> [Exercise instructions]: Since the records include pictures, leave those out while you reproduce exactly and only the lines from the one containing "Helmet Skull Scarf Biker 69 Patch" through the one containing "Delicious and healthy", inclusive.

> [Data shown]:
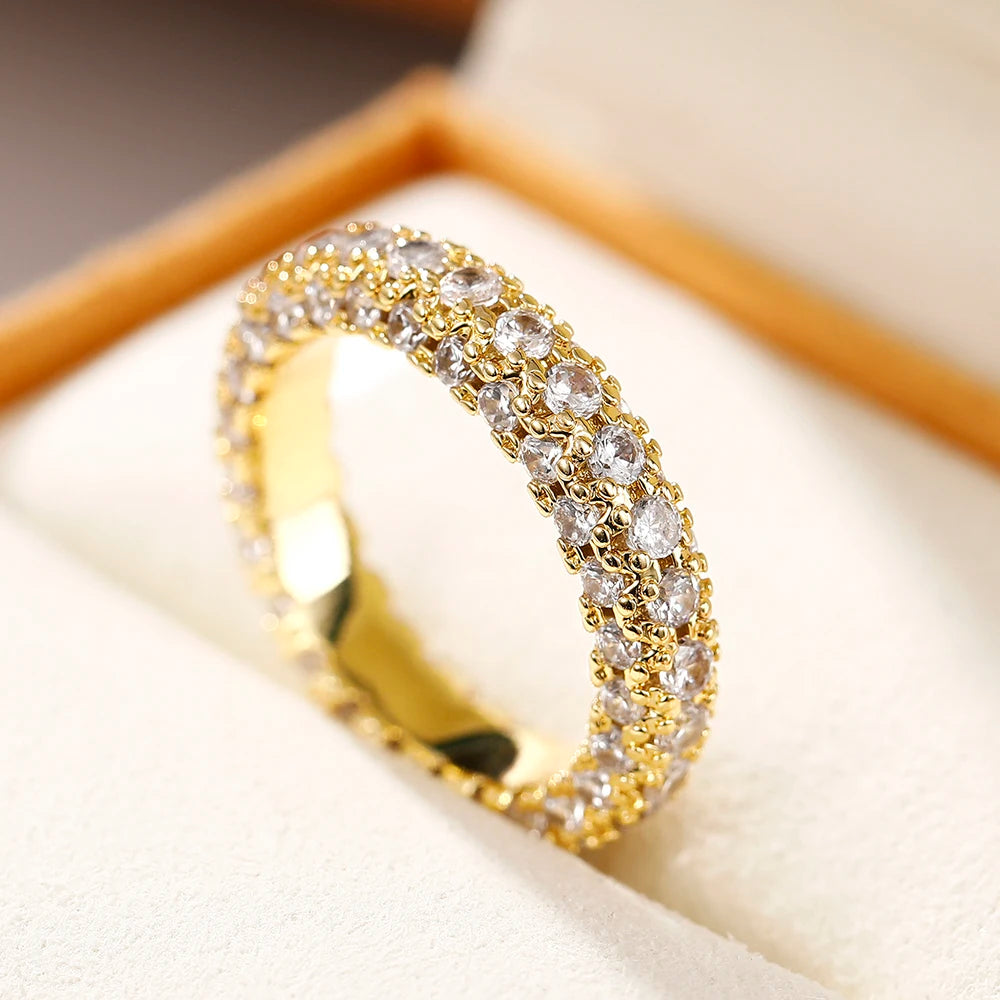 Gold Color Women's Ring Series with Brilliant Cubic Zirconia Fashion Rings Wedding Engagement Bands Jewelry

==

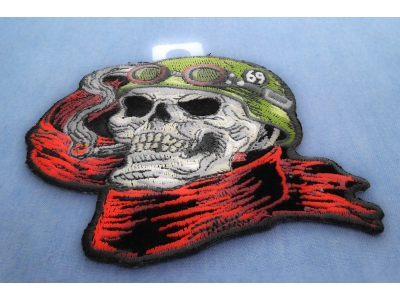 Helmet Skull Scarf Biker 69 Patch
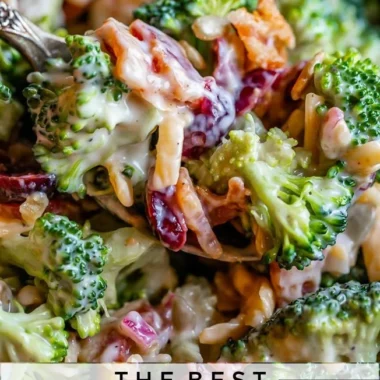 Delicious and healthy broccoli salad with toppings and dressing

> [Finished task]:
 Helmet Skull Scarf Biker 69 Patch
 Delicious and healthy broccoli salad with toppings and dressing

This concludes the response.